Guest Author - D. J. Herda
Upon completing our first outdoor pond, we felt that, within the scope of a few days’ time, we had done something quite unique (for our neck of the woods, at any rate), as well as rewarding. We had created a sanctuary for not only fish but also birds (hey, desert birds need water as much as other birds). In the process, we had installed a focal piece—a strong central design element—that suddenly drew all of the other elements in our back yard together.
We had also raised the property value of our home, as well as its desirability, significantly. With ponds, of course, come additional plantings and fountains and small waterfalls, etc. (No pond is an island!) We had widened the scope of the ecosystem in which we found ourselves living and, in the process, drew in squirrels, chipmunks, raccoons, roadrunners, desert fox, quail, lizards, hummingbirds, and the occasional harmless snake to investigate and partake of the soothing elements, nourishment, and protection that the pond presented them.
They, in turn, provided us with a remarkable opportunity to observe wildlife in its most pristine form—the wild. We often sit on our glider just feet from the water and watch intently as beasts that would not normally consider approaching human habitat do just that and more. From them we’ve learned patience and garnered a new respect for the beauty and diversity that nature has to offer.
Perhaps most importantly of all, however, we’ve come to gain a new respect for those full-time inhabitants that led us to build the pond in the first place: our fish.
Now, don’t get me wrong. I’m not a fish-lover. Oh, I enjoy a nicely grilled salmon steak every now and again, and fried oysters in a Po' Boy sandwich are awfully tough to beat. But fish—the kind that swim around in water and have the personality of a mushroom—have never held much allure for me. They hadn’t, at any rate, until we built our pond.
Suddenly, we discovered that our fish—led by the Koi, who perch unmistakably atop the pecking order of the school—have definite personalities. They are also far more intelligent than one might ever imagine merely from dangling a baited hook in a country pond and pulling out an occasional bass or crappie to join you for dinner.
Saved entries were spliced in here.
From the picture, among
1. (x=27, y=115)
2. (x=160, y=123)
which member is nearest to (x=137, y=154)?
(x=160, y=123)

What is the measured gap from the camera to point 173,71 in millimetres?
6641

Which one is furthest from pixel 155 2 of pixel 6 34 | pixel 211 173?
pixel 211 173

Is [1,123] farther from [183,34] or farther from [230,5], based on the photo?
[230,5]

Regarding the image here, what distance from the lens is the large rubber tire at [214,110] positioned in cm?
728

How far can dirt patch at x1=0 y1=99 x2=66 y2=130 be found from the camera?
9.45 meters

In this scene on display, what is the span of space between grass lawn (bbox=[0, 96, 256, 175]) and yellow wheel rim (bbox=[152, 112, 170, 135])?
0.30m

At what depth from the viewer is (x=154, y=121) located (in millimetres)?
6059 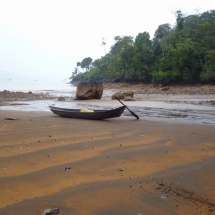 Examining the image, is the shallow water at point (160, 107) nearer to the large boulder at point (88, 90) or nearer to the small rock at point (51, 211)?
the large boulder at point (88, 90)

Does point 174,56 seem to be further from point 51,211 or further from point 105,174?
point 51,211

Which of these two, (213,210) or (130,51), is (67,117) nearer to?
(213,210)

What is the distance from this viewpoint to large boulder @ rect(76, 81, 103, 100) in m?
20.1

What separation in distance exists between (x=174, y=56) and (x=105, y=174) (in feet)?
125

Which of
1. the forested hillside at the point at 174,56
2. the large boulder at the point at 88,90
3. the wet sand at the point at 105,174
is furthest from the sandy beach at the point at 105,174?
the forested hillside at the point at 174,56

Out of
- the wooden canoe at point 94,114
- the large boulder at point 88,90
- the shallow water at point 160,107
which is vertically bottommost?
the shallow water at point 160,107

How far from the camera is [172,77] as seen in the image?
3928cm

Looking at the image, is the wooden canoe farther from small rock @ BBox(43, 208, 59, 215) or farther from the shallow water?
small rock @ BBox(43, 208, 59, 215)

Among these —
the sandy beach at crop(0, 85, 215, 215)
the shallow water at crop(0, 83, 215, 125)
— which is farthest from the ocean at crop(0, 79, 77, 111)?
the sandy beach at crop(0, 85, 215, 215)

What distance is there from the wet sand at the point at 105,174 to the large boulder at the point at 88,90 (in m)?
15.0

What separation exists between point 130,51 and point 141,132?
4244 centimetres

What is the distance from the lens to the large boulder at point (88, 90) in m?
20.1

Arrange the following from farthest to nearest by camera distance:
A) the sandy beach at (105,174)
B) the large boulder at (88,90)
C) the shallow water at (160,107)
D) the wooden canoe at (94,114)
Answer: the large boulder at (88,90) < the shallow water at (160,107) < the wooden canoe at (94,114) < the sandy beach at (105,174)

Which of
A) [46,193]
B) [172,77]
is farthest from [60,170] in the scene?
[172,77] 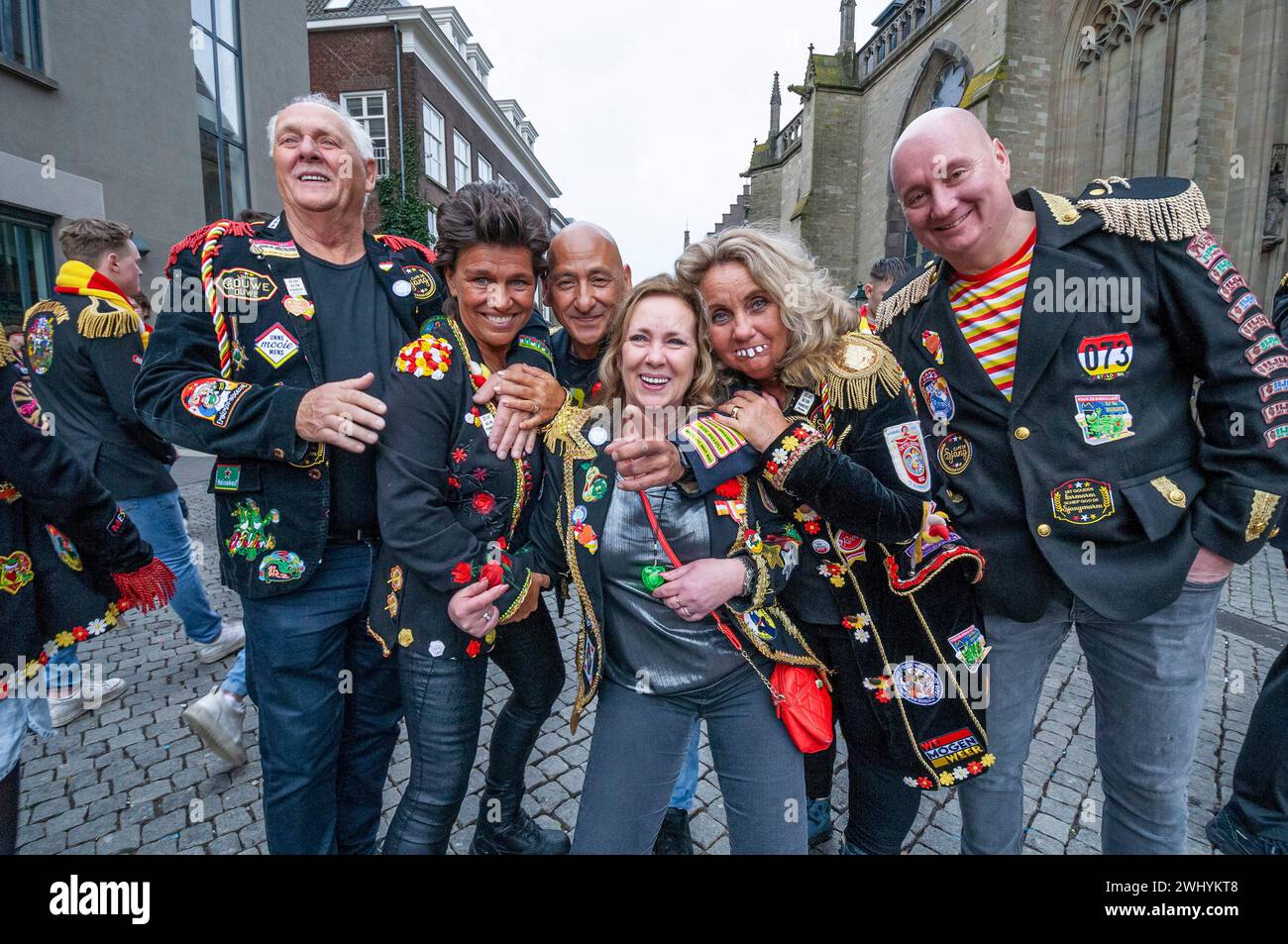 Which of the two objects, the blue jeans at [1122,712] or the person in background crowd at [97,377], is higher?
the person in background crowd at [97,377]

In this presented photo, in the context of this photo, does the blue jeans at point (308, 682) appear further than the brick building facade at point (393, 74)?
No

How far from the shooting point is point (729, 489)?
1931 millimetres

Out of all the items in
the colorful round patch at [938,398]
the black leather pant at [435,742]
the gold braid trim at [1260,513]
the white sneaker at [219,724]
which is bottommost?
the white sneaker at [219,724]

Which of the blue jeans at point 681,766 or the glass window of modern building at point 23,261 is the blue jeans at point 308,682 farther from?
the glass window of modern building at point 23,261

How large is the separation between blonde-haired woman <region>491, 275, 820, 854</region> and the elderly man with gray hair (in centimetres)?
69

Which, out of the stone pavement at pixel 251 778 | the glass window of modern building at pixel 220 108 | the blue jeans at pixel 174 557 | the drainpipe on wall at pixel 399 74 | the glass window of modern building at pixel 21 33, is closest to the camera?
the stone pavement at pixel 251 778

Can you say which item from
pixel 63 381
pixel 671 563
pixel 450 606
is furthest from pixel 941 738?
pixel 63 381

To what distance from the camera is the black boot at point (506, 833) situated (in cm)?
270

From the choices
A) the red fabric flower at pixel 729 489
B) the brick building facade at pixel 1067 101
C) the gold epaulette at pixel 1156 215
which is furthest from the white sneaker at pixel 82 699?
the brick building facade at pixel 1067 101

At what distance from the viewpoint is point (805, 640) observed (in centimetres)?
201

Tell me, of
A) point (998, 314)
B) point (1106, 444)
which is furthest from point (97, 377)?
point (1106, 444)

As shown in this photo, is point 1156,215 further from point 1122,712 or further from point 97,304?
point 97,304

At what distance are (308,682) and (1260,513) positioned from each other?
9.36 feet

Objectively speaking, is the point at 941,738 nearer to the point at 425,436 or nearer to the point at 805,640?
the point at 805,640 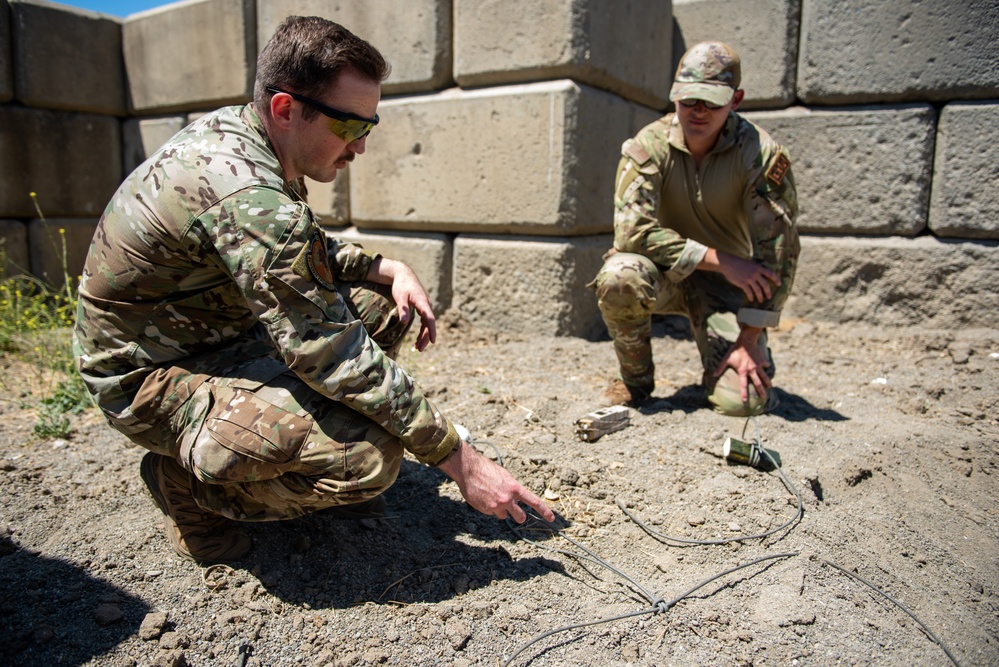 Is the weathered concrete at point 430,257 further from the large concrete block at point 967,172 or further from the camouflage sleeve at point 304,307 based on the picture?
the large concrete block at point 967,172

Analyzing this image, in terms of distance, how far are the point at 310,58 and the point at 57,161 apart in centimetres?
442

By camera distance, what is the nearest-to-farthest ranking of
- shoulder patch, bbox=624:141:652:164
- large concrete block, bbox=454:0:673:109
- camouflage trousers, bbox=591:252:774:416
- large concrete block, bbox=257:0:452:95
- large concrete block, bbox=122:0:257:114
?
camouflage trousers, bbox=591:252:774:416 → shoulder patch, bbox=624:141:652:164 → large concrete block, bbox=454:0:673:109 → large concrete block, bbox=257:0:452:95 → large concrete block, bbox=122:0:257:114

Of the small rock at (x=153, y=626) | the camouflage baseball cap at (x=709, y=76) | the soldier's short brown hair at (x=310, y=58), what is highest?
the camouflage baseball cap at (x=709, y=76)

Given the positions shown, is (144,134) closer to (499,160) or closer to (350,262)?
(499,160)

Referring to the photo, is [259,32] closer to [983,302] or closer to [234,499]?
[234,499]

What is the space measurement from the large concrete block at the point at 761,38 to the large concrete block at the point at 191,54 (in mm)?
2822

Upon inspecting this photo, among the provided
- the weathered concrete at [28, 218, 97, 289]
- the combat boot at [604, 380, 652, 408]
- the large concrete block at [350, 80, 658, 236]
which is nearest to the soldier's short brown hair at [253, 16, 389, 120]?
the combat boot at [604, 380, 652, 408]

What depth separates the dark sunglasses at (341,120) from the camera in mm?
1759

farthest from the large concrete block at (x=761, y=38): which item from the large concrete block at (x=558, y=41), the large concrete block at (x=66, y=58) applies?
the large concrete block at (x=66, y=58)

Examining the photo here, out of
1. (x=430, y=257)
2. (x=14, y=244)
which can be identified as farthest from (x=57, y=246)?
(x=430, y=257)

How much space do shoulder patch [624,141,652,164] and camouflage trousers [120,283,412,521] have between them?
1.70m

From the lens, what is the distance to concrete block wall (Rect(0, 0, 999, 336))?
3.71m

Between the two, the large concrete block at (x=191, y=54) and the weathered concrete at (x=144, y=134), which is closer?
the large concrete block at (x=191, y=54)

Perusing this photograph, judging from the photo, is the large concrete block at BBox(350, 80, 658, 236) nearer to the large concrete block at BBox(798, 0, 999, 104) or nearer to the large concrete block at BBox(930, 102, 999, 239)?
the large concrete block at BBox(798, 0, 999, 104) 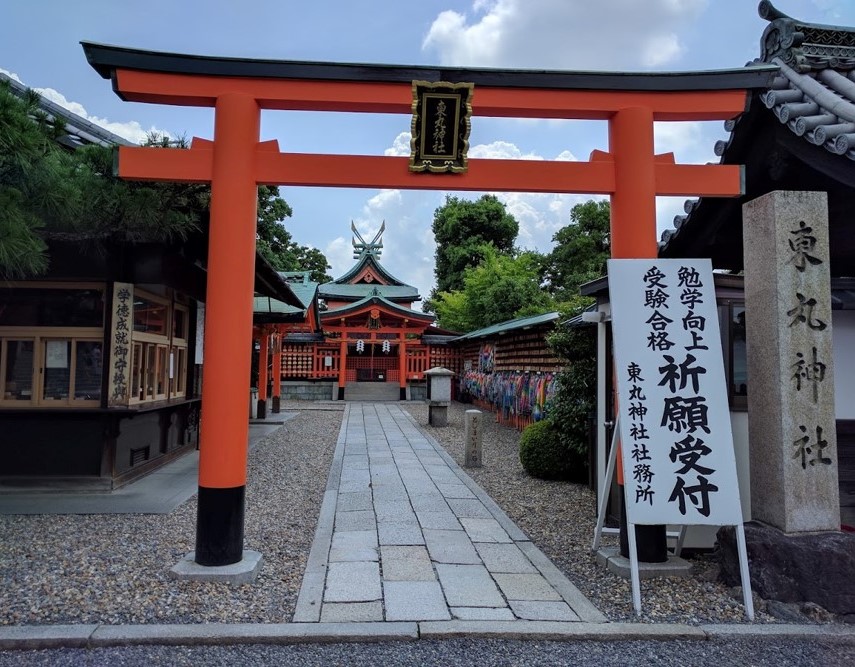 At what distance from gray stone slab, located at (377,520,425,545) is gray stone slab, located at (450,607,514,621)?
1.47m

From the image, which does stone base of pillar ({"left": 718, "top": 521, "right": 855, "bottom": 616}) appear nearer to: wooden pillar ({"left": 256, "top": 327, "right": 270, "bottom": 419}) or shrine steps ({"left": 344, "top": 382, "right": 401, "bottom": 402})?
wooden pillar ({"left": 256, "top": 327, "right": 270, "bottom": 419})

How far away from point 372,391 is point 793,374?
2096 cm

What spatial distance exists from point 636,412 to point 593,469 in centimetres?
324

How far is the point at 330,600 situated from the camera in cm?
372

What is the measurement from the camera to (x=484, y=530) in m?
5.46

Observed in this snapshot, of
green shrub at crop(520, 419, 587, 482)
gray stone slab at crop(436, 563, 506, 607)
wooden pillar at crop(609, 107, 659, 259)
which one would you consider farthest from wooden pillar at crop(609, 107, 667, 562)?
green shrub at crop(520, 419, 587, 482)

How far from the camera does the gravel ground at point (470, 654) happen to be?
3.00 meters

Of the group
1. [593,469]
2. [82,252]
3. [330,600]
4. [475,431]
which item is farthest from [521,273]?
[330,600]

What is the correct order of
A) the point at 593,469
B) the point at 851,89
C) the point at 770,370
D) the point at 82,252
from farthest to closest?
the point at 593,469 < the point at 82,252 < the point at 851,89 < the point at 770,370

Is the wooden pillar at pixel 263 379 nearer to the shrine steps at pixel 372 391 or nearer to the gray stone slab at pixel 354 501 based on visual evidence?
the shrine steps at pixel 372 391

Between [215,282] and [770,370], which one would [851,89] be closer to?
[770,370]

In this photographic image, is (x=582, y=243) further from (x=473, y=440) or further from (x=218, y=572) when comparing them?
(x=218, y=572)

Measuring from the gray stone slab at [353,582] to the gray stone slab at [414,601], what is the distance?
3.9 inches

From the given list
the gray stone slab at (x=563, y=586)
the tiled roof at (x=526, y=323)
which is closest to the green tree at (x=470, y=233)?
the tiled roof at (x=526, y=323) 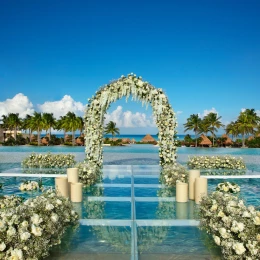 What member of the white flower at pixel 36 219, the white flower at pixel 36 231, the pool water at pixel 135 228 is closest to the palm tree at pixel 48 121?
the pool water at pixel 135 228

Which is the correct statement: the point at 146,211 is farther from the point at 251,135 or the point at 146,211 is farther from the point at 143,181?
the point at 251,135

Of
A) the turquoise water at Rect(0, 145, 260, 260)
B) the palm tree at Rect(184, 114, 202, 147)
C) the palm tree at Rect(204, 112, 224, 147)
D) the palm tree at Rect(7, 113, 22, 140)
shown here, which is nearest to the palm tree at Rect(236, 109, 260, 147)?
the palm tree at Rect(204, 112, 224, 147)

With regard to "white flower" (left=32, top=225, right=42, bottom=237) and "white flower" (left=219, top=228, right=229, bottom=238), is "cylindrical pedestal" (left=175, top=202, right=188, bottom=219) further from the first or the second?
"white flower" (left=32, top=225, right=42, bottom=237)

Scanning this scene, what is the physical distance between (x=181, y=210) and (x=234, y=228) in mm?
2117

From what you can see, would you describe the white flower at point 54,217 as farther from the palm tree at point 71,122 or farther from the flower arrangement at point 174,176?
the palm tree at point 71,122

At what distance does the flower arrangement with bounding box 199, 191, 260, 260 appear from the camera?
105 inches

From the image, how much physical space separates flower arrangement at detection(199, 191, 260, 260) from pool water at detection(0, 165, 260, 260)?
0.26 metres

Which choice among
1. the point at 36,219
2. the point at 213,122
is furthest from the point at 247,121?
the point at 36,219

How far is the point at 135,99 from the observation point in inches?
343

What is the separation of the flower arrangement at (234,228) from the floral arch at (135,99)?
17.1ft

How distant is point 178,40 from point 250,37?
4405 mm

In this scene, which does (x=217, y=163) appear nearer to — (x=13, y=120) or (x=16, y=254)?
(x=16, y=254)

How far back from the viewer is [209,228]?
3521mm

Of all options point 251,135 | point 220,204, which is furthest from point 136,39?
point 251,135
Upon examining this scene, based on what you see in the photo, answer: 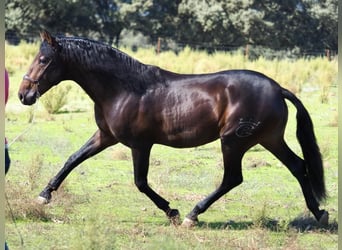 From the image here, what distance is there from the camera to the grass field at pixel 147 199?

We learned that fish could be trained to look for food simply by feeding them at the same time each day. No great intellectual achievement, that; even our cats begin rubbing up against us when feeding time grows near. We also learned that fish could be trained to come at the sound of a familiar voice. They could be trained to swim to the surface and be petted before being fed. They could be trained to eat from our hands. They could even be persuaded to propel themselves halfway out of the water and into a cupped palm while doing so.
Now, I don’t know about you, but that’s something I never knew about fish. More remarkable, still, we learned that fish have unique personalities. Delilah, for instance, is a mere inch or two smaller than Samson; yet she handles herself with grace and aplomb. She swims elegantly and sleekly around the pond and seems to have a brain that is always at work. Her eyes betray far more intelligence than any sucker I’ve ever pulled out of a meandering stream, and her willingness to socialize is remarkable. Sometimes, she gravitates to one spot and watches us as we talk to her. (Hey, I never said we weren’t weird!)
Samson, on the other hand, is more typically male. He’s brutish and arrogant, bulling his way around the pond as if he were its only inhabitant. He likes to have his back rubbed lightly, to either side of his dorsal fin, and he spends minutes on end circling until he gets his way. He also grunts when he eats, a bit like a pig (something Delilah would never do).
The other fish, the goldfish, while smaller and somewhat less social, have similarly begun displaying individual personalities. Or, perhaps we’ve only recently begun noticing them. Several of these smaller fish are beginning to show signs that they enjoy petting, although they are still more skittish than the Koi and have to be approached more slowly.
What all this boils down to, of course, is that we now receive as much pleasure from our fish as we do from the water elements that we originally built to hold them. It’s just one of many unexpected advantages to building ponds, streams, and waterfalls. Some of the others we’ll unfurl later, offering you concrete advice on the best way to incorporate water features into your own home and environment.
Along the way, just keep reminding yourself that you heard it here second: If you build it, they will come.
And your life will be changed forever.